The major averages climbed off their worst levels going into the close but remained firmly in the red. The Dow slumped 174.09 points or 1 percent to 17,541.96, the Nasdaq plunged 72.35 points or 1.5 percent to 4,848.37 and the S&P 500 tumbled 24.75 points or 1.2 percent to 2,041.91.
The sell-off on Wall Street was partly due to concerns the outlook for global economic growth, which came amid a jump in the value of the Japanese yen versus the U.S. dollar.
The U.S. dollar has fallen by about 1.3 percent against the yen to 108.41 yen after earlier hitting its lowest level since October of 2014.
The strength shown by the yen was partly attributed to comments from Bank of Japan officials indicating that the central bank is unlikely to intervene.
A decrease by the price of crude oil also weighed on stocks, with crude for May delivery sliding $0.49 to $37.26 after soaring $1.86 to $37.75 a barrel on Wednesday.
The jump seen by the price of crude oil in the previous session came after a report showed that oil inventories tumbled by 4.9 million barrels last week.
Meanwhile, traders largely shrugged off a report from the Labor Department showing a bigger than expected drop in initial jobless claims in the week ended April 2nd.
The report said jobless claims fell to 267,000, a decrease of 9,000 from the previous week's unrevised level of 276,000. Economists had expected claims to edge down to 272,000.
A separate report from the Federal Reserve showed that consumer credit jumped by $17.2 billion in February compared to expectations for an increase of about $14.0 billion.
Sector News
Most of the major sectors came under pressure over the course of the trading session, reflecting broad based weakness on Wall Street.
Brokerage stocks showed a particularly steep drop on the day, dragging the NYSE Arca Broker/Dealer Index down by 3.4 percent. With the drop, the index fell to its lowest closing level in over a month.
Investment Technology Group (ITG) posted a steep loss after JPMorgan downgraded its rating on the company from Overweight to Neutral.
Considerable weakness was also visible among oil service stocks, which moved lower along with the price of crude oil. The Philadelphia Oil Service Index slid by 2.4 percent and also set a one-month closing low.
Biotechnology stocks also showed a substantial move back to the downside after rising sharply on Wednesday. After ending the previous session at a nearly three-month closing high, the NYSE Arca Biotechnology Index dropped by 2.3 percent.
Banking, networking, steel, and retail stocks also saw notable weakness, while gold stocks bucked the downtrend amid an increase by the price of the precious metal.
Other Markets
In overseas trading, stock markets across the Asia-Pacific region turned in another mixed performance on Thursday. Japan's Nikkei 225 Index edged up by 0.2 percent, while China's Shanghai Composite Index slumped by 1.4 percent.
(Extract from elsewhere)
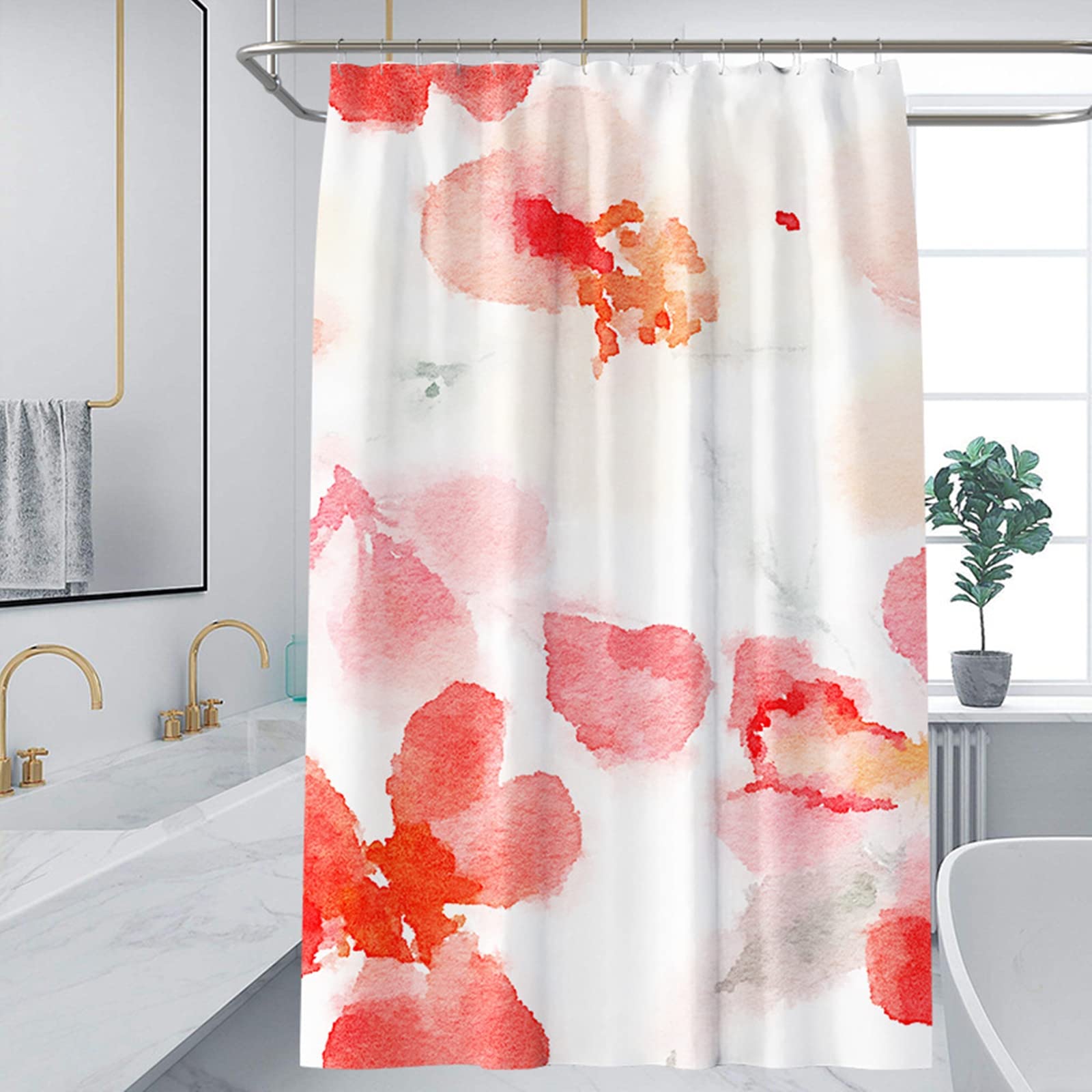 Tenda Doccia 180x200 cm Blu Tende Fiore Impermeabile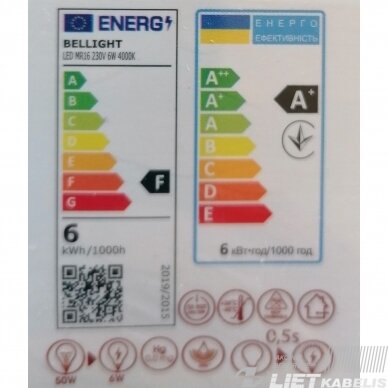 Lempa LED MR16, 6W, 230V, GU5.3, 4000K, Bellight 1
Meanwhile, the major European markets all came under pressure on the day. While the U.K.'s FTSE 100 Index fell by 0.4 percent, the French CAC 40 Index and the German DAX Index dropped by 0.9 percent and 1 percent, respectively.
In the bond market, treasuries showed a strong move back to the upside after ending the previous session in the red. As a result, the yield on the benchmark ten-year note, which moves opposite of its price, slid 6.4 basis points to a nearly two-month closing low of 1.691 percent.
Looking Ahead
Later today, Federal Reserve Chair Janet Yellen is scheduled to participate in a conversation with former Fed chairs Ben Bernanke, Alan Greenspan and Paul Volcker.
Any significant remarks from the panel discussion could impact trading on Friday amid a relatively quiet day on the U.S. economic front.
The Commerce Department is due to release its report on wholesale trade in the month of February, but the data does not typically impact the markets.